Point-of-sale integrators, help desks, and other computer-related service providers for businesses, look out—the hackers are after you.
The new Global Security Report 2018 from Chicago-based Trustwave says service providers were involved in 9.5% of the 700-plus data compromises the firm investigated in 2017. In 2016, service providers played a role in fewer that 1% of Trustwave’s investigations, says Brian Hussey, vice president of cyber threat detection and response.
“Last year [2016], it was negligible,” says Hussey. Trustwave is one of the biggest providers of security investigations and data-protection technology to card-accepting merchants and other businesses.
On one level, the allure of service providers to cyberthieves is obvious. A successful hack into a provider’s network could enable hackers to worm their way into payment and other databases of all of the provider’s clients, which can number in the hundreds, Hussey notes. This new focus on service providers also comes in a rapidly changing data-security environment that includes EMV chip card payments that have made POS card fraud harder to commit.
EMV “definitely contributes to less and less of the POS attacks,” Hussey says. He adds that shrinking numbers of merchants that accept only magnetic-stripe cards are increasingly juicy targets for hackers. Non-EMV merchants should “expect to be heavily, heavily attacked in the next year,” he says.
Trustwave found that payment card data remains No. 1 in the eyes of hackers, accounting for 40% of the targeted information, broken down into 22% from mag-stripe track data originating with POS transactions and 18% from e-commerce. Some 11% of incidents targeted cash, mostly originating from compromises of account-management systems at financial institutions, Trustwave said.
Even with EMV, more than a decade of PCI security rules, and the increasing availability of tokenization and data-encryption services, 69% of the cases Trustwave investigated involved track data stored in plain text, the report says.

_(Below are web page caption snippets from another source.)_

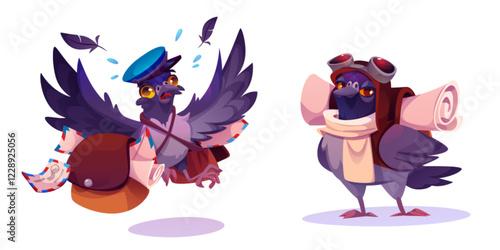 Cartoon mail carrier pigeon characters - flying with postal bag and letters, standing with paper scroll and pilot goggles. Grey bird mascots in vintage messenger outfit for delivery service branding.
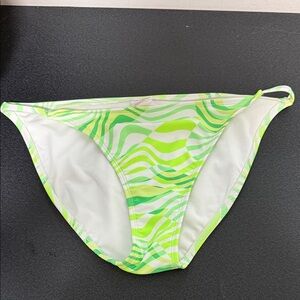 Green Patterned Women's Swim Bottom Y2K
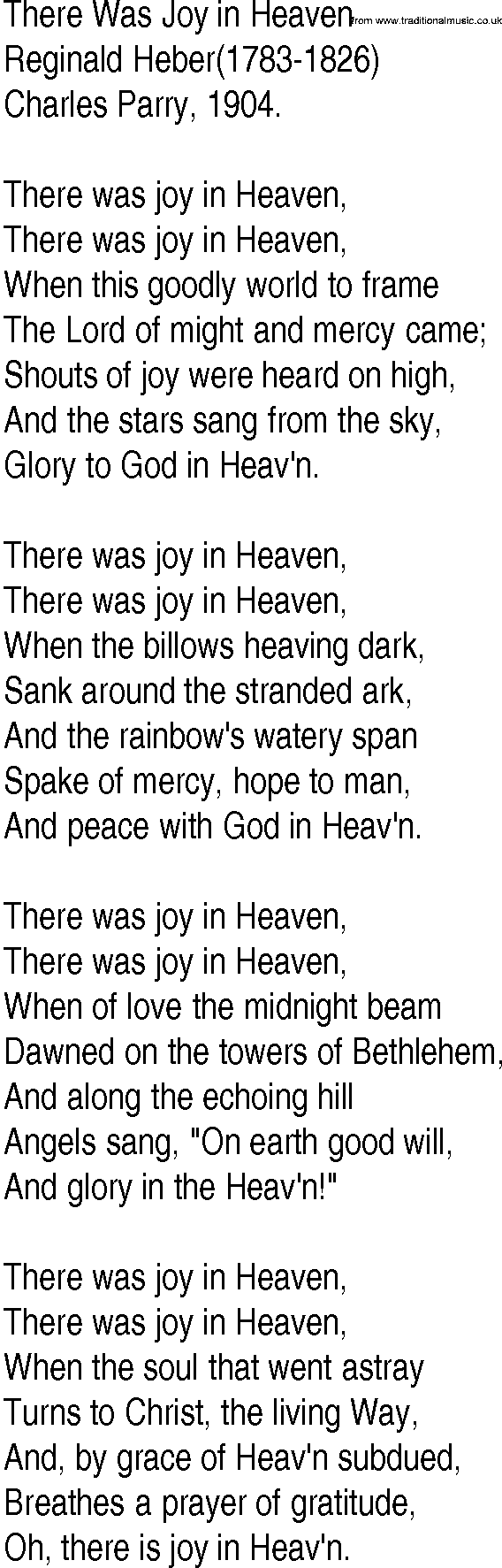 Hymn and Gospel Song: There Was Joy in Heaven by Reginald Heber lyrics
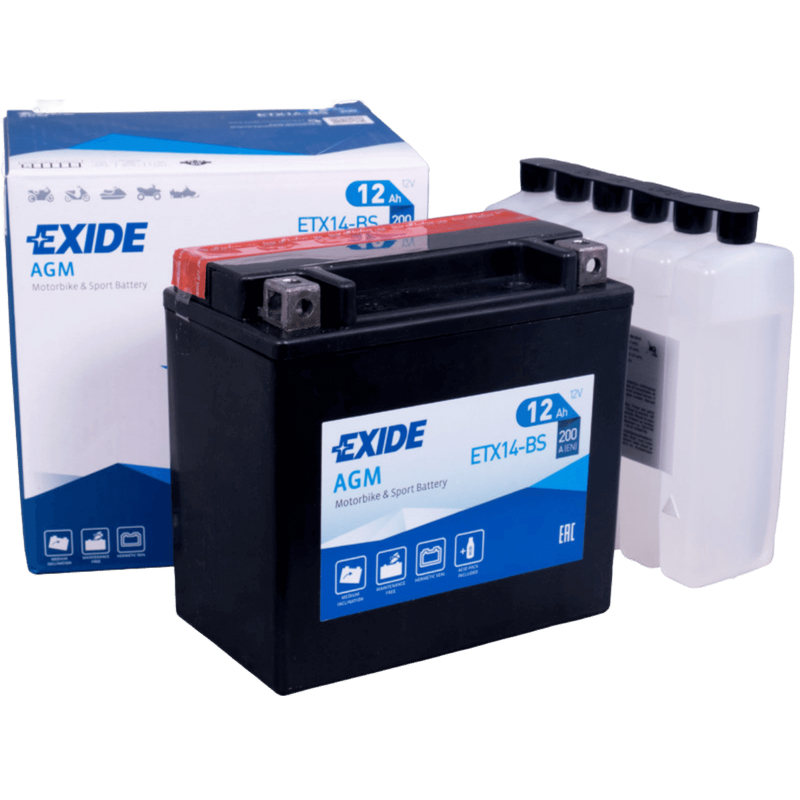 Exide ETX14-BS Bike AGM Motorradbatterie 12V 12Ah 200A DIN 51214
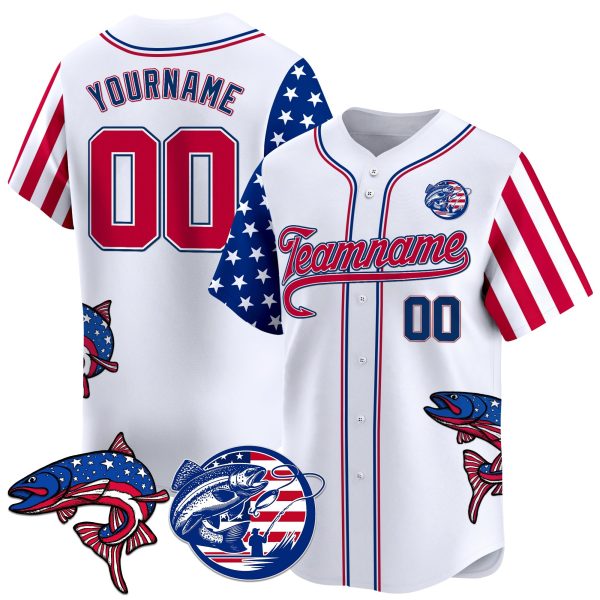 White Red - Royal America Trout Fishing Personalized Baseball Jersey
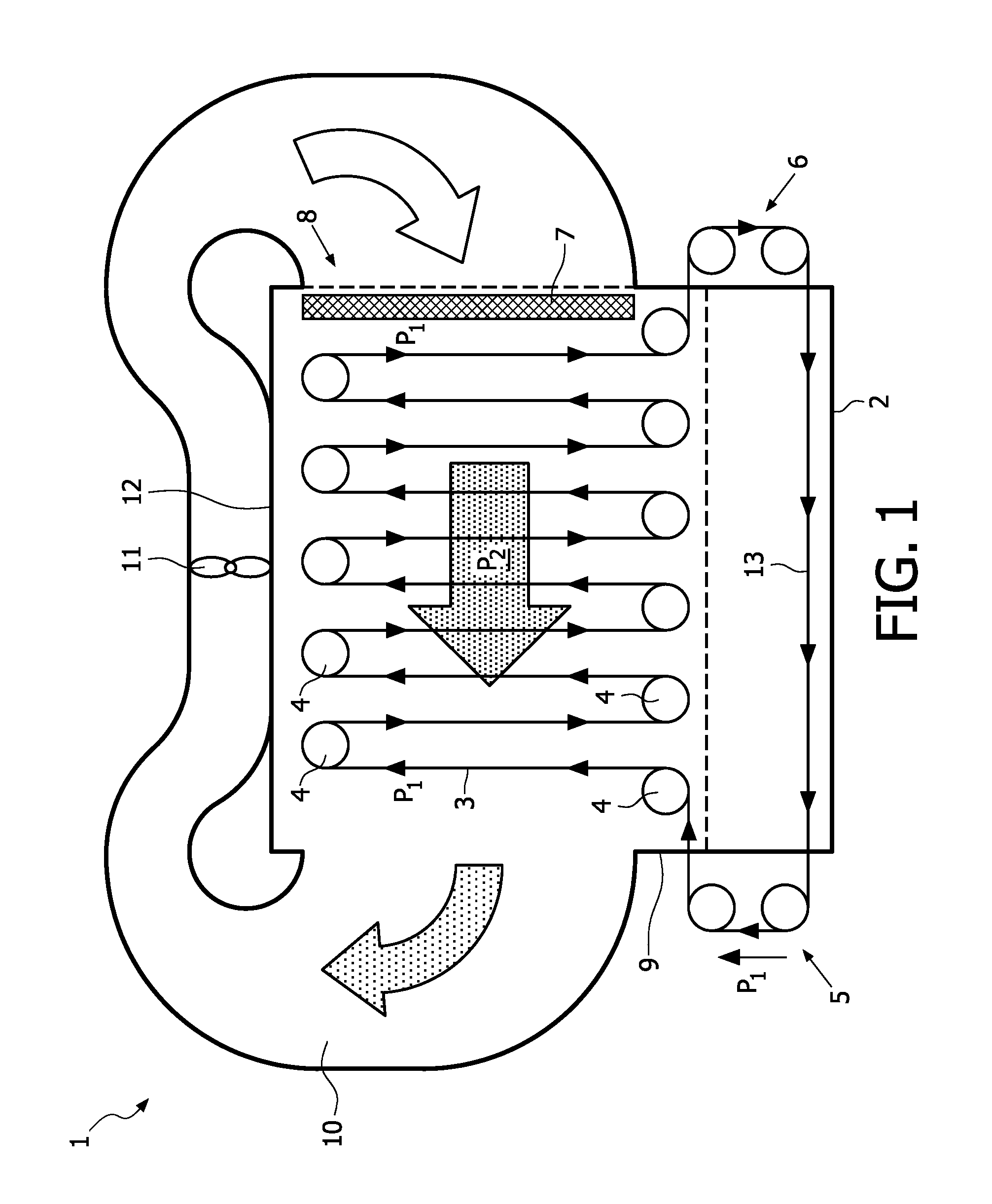 Device for treating elongate food products with a conditioned airflow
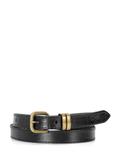 Skórzany pasek damski croco w kolorze czarnym PASDS-0321-99(W25)
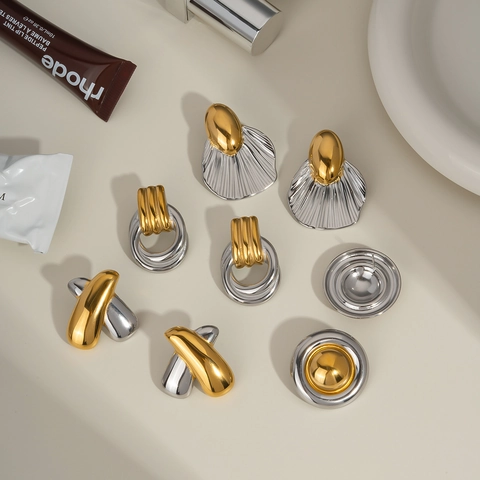 Luxury Two Tone Gold Silver Stainless Steel Stud Earrings Geometric Heart Star PVD Plated Waterproof Jewelry For Women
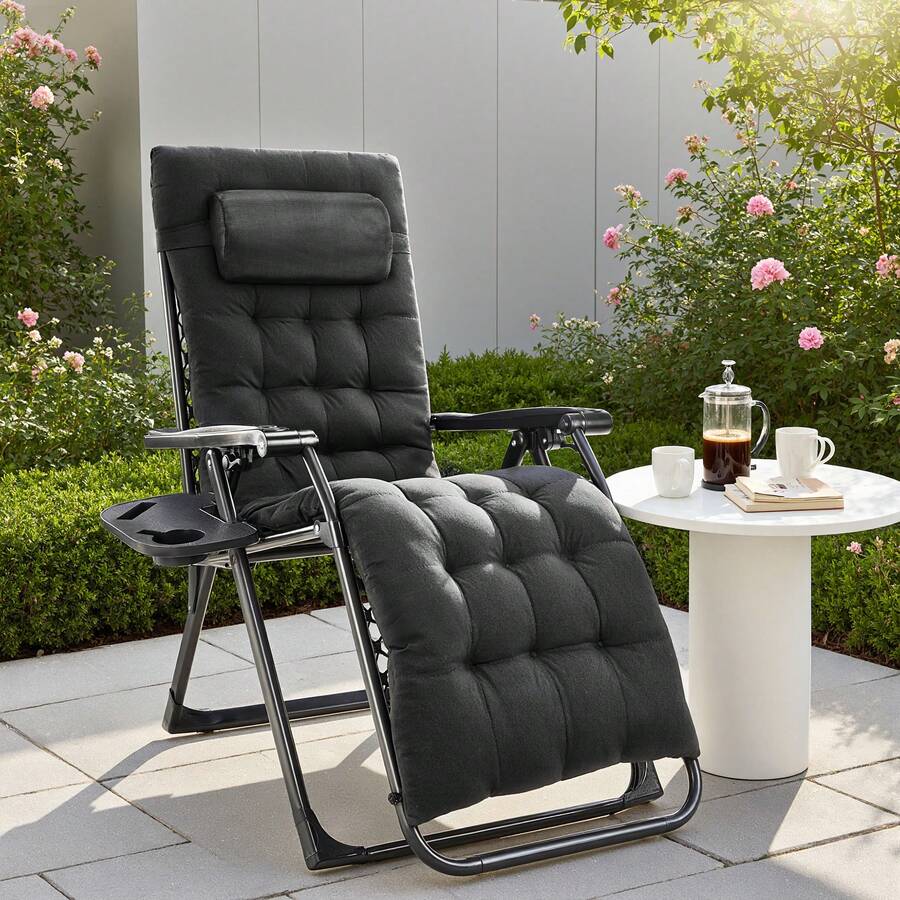 OLIXIS Zero Gravity Chair, Reclining Camping Lounge Chair For Indoor, Reclining Patio Chairs With Cup Holder Trays And Removable Cushion, Folding Recliner For Outdoor, Black - 黑色 - 查看 1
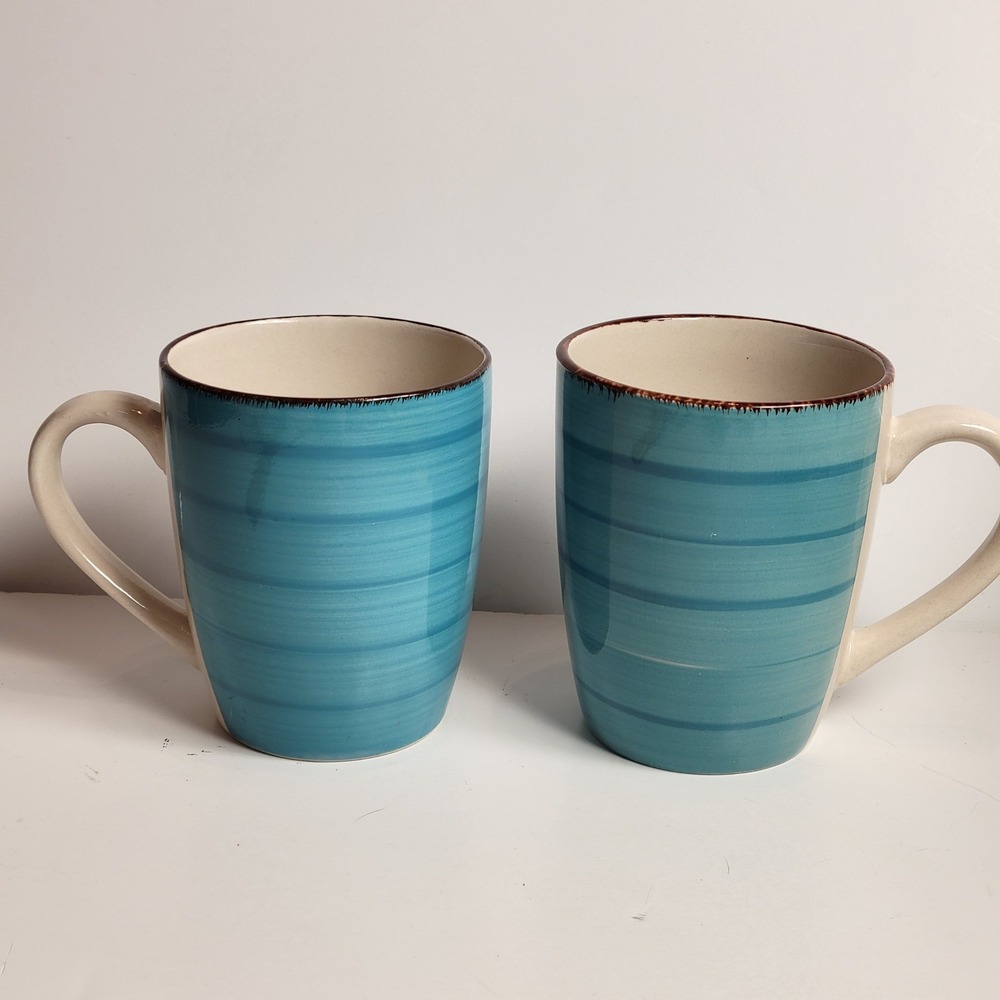 Royal‎ Norfolk Teal Striped Ceramic Coffee Mug Set of 2 Turquoise Brown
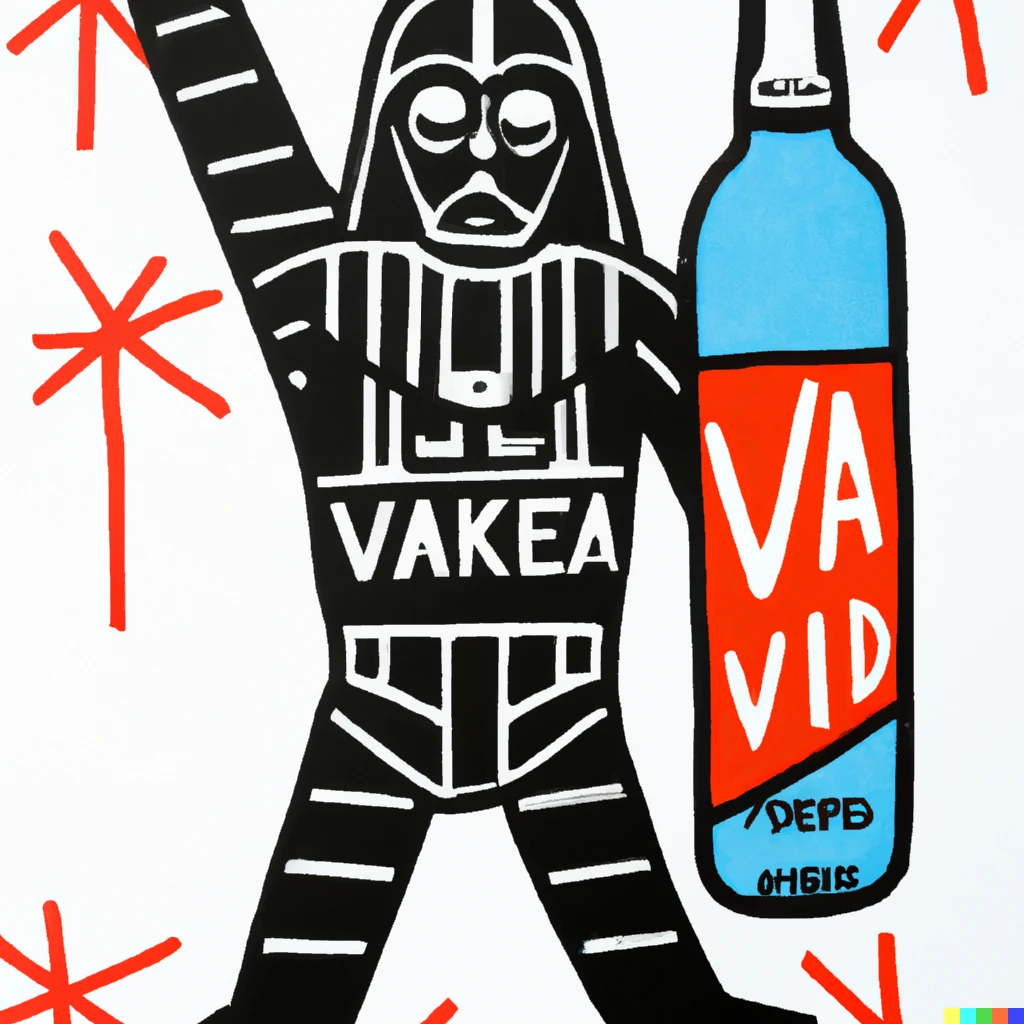 Prompt: illustrated advertisement by keith haring with darth vader for “vader vodka”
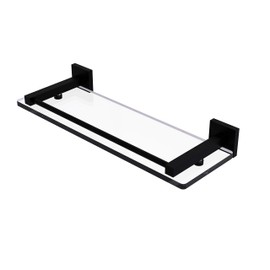 Allied Brass MT-1-16-GAL Montero Collection 16 Inch Gallery Rail Glass Shelf, Matte Black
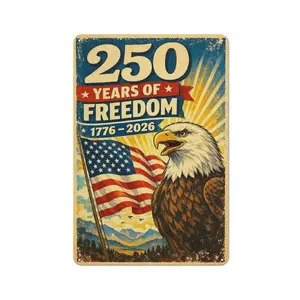 Vintage USA 250th Anniversary Canvas, Retro 250 Years of Freedom Wall Art, Distressed American Flag Print, Historical Eagle Office Decor aluminum sign metal sign style yard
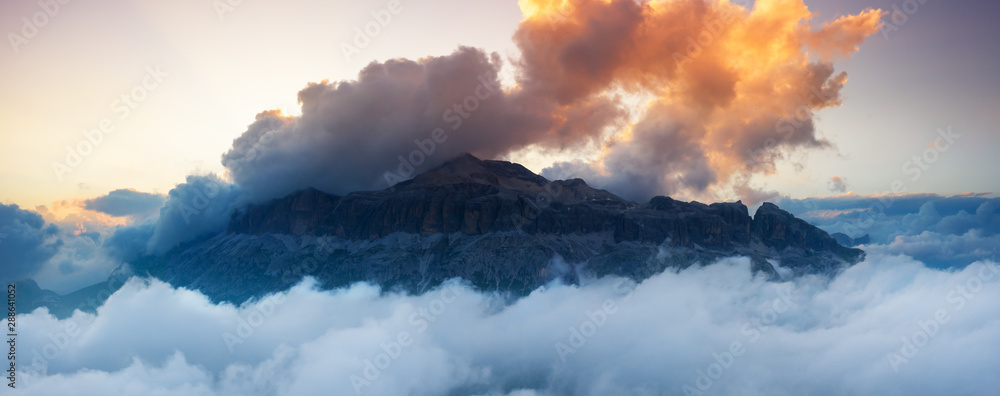 Aerial view of massive rock of Dolomites mountain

The reasons for that are varied. A merchant’s new database system might be advertised as encrypting sensitive information, but a hacker may discover it doesn’t, Hussey notes. “Even if it’s not intentional, it could be the fault of programming,” he says. “There’s all kind of scenarios.”
What’s more, Trustwave found that 100% of the Web-based applications it examined last year had vulnerabilities, with a median of 11 each. Some 86% of those vulnerabilities allowed hackers to monitor traffic going back and forth within the application, further compromising security, Hussey says.
Retailers accounted for 17% of the compromises Trustwave investigated, more than any other industry. Next were financial and insurance companies, 13%, followed by the hospitality industry, 12%.
Data compromises detected internally in 2017 most often were discovered on the same day of intrusion. Those detected by an external party, however, had a median spread of 83 days between intrusion and discovery, up from 65 days in 2016, Trustwave found.
The report does have some good news, particularly regarding spam. Junk emails accounted for 87% of the incoming email Trustwave monitored in 2009, but with the exception of 2016 spam has declined every year since and currently represents just over 39% of emails, the report says. Many spam emails, however, still contain malware or links to hacker-controlled Web sites.